I wonder the verb βγαίνω in the Αόριστος of medio passive voice. Since πληρώνω becomes πληρώθηκα and αγοράζω becomes αγοράστικα, I tried some combinations like βγήκα and βγαίνω + steams -θηκ-, -φτηκ-, -φθηκ-, -(αυ/ευ)τηκ- and many others which are typical of the Αόριστος + ending -α) in some sites but I got no answer.
If you are a native Greek, I tell you the more you want to teach (please!) the most I want you to write about it because I just love this beautiful language and I have tried to learn it as my second language. Some years later and I will be writing it all in Greek. Believe me!
Ευχαριστώ!


----------



## sotos

The v. βγαίνω doesn't have passive voice at least in proper Greek (*). The αόριστος is βγήκα (irregular). 
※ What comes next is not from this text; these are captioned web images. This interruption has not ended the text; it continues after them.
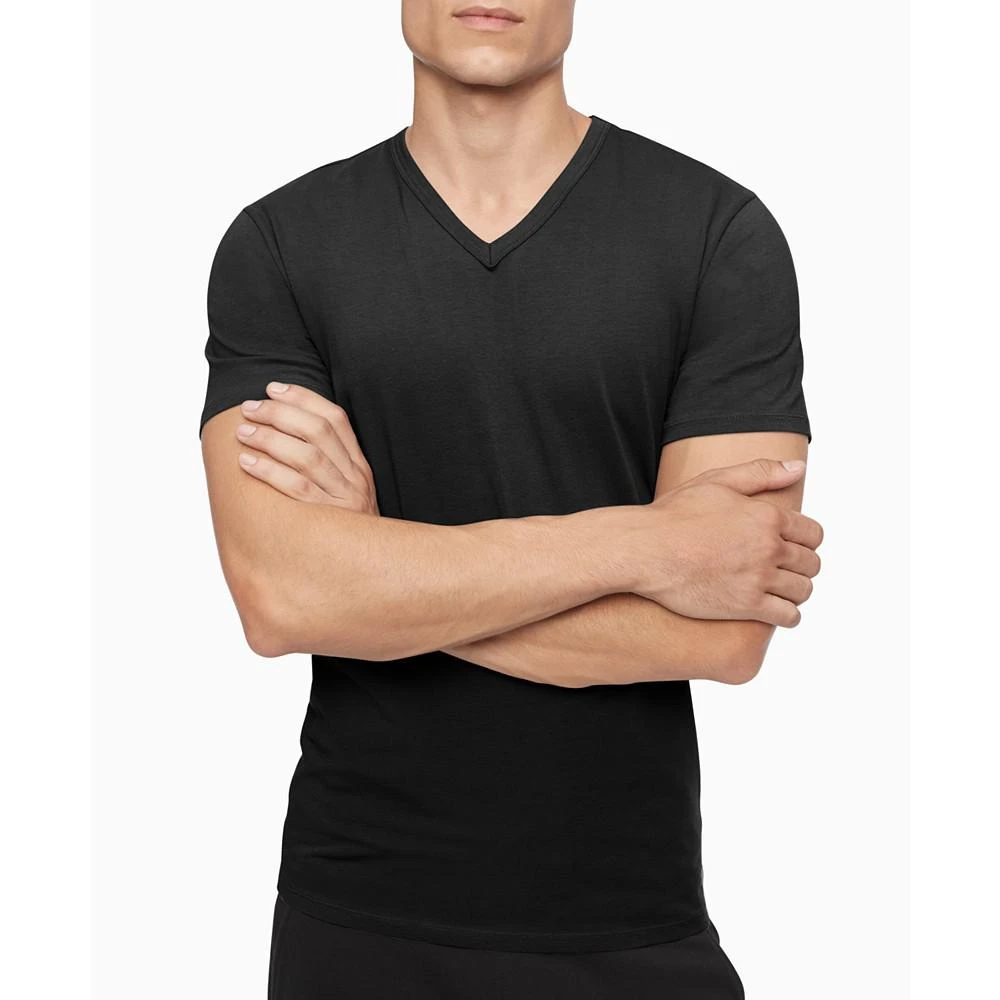商品Calvin Klein|Men's 3-Pk. Cotton Stretch V-Neck Undershirts,价格¥356,第3张图片详细描述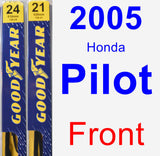 Front Wiper Blade Pack for 2005 Honda Pilot - Premium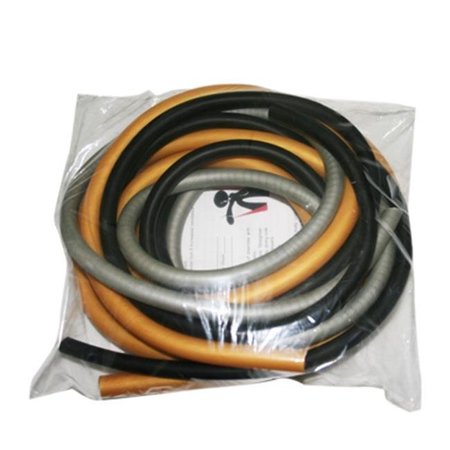 FABRICATION ENTERPRISES Fabrication Enterprises 10-5884 Sup-R Tubing Pep Pack - Difficult; Black; Silver & Gold 1455402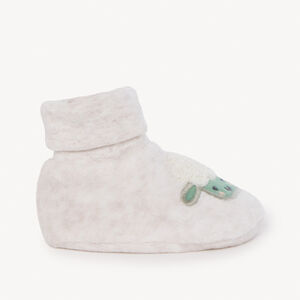 Zapatitos de terciopelo con bordado de oveja para bebé 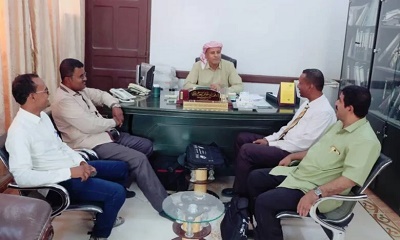 مدير عام سيئون يشيد ببصمات قسم التاريخ، وادوار جمعية التاريخ والتراث بقسم التاريخ جامعة سيئون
(*) Well, we have the composite v. ξεβγαίνω,  ξε-βγαίνομαι, ξε-βγάλθηκα (I rinsed myshelf), but this is an exception. I cannot think now of any other similar composite.


----------



## Αγγελος

In my Greek, "rinse (someone)" is ξεβγάζω (not *ξεβγαίνω) and "rinse oneself" is ξεβγάζομαι; the respective aorist forms are indeed ξέβγαλα and ξεβγάλθηκα..
But there is no doubt that μπαίνω, βγαίνω, ανεβαίνω, κατεβαίνω etc., being intransitive, do NOT have a passive voice at all. The aorists μπήκα, βγήκα, ανέβηκα... are ACTIVE, despite their form. Even υπερβαίνω (=exceed) and παραβαίνω (=contravene, break (a law)), despite being clearly transitive, are not used in the passive.


----------



## bearded

Αγγελος said:


> In my Greek, "rinse (someone)" is ξεβγάζω (not *ξεβγαίνω) and "rinse oneself" is ξεβγάζομαι; the respective aorist forms are indeed ξέβγαλα and ξεβγάλθηκα..
> But there is no doubt that μπαίνω, βγαίνω, ανεβαίνω, κατεβαίνω etc., being intransitive, do NOT have a passive voice at all. The aorists μπήκα, βγήκα, ανέβηκα... are ACTIVE, despite their form. Even υπερβαίνω (=exceed) and παραβαίνω (=contravene, break (a law)), despite being clearly transitive, are not used in the passive.


If xevgala is the aorist of xevgazo,  where does the l (lamvda) come from?  Anything to do with ancient 'ekballo'?


----------



## joeydim

bearded man said:


> If xevgala is the aorist of xevgazo,  where does the l (lamvda) come from?  Anything to do with ancient 'ekballo'?



It has nothing to do with εκβάλλω. The root word for βγάζωis* βαίνω* while the root word of εκβάλλω is* βάλλω*.  Έβγαλα is just the past tense.


----------



## Perseas

bearded man said:


> If xevgala is the aorist of xevgazo,  where does the l (lamvda) come from?  Anything to do with ancient 'ekballo'?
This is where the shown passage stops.